Purchasing Power Parities for Tradables, Exchange Rates and Price Competitiveness

  • Stephan Schulmeister

The dollar/euro PPP for tradables in 2002 is estimated at 0.93, hence the exchange rate (0.94) differed very little from PPP; in 2004, however, the dollar/euro exchange rate (1.24) was by roughly 25 percent overvalued relative to PPP for tradables (0.98). Deviations of the exchange rate from PPP for tradables are smaller than deviations from PPP for GDP; hence, the law of one price holds comparatively better for internationally traded goods and services than for non-tradables. There exists a strong inverse relationship between the price level of tradables relative to GDP and real GDP per head: The more advanced an economy is the cheaper are tradables relative to non-traded services (Balassa-Samuelson effect). The structure of relative prices of tradables is more similar across countries as compared to the price structure of all goods and services.
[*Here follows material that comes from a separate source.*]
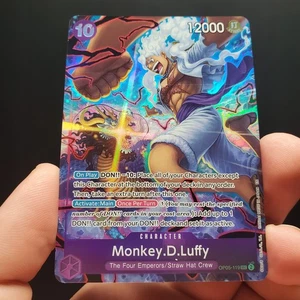 Monkey.D.Luffy 119 (English Version 2nd Anniversary Set) OP05-119 LINES ON FRONT - Picture 1 of 6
The long-run mean of the nominal exchange rate deviates much less from the mean of PPP for tradables as compared to PPP for GDP. The relationship between relative export price levels based on tradables PPPs and export market shares is clearly inverse for most countries, e.g., if exports of the Euro area become 10 percent more expensive relative to US exports, then 1.54 percentage points of export market shares are expected to shift from the Euro area to the USA.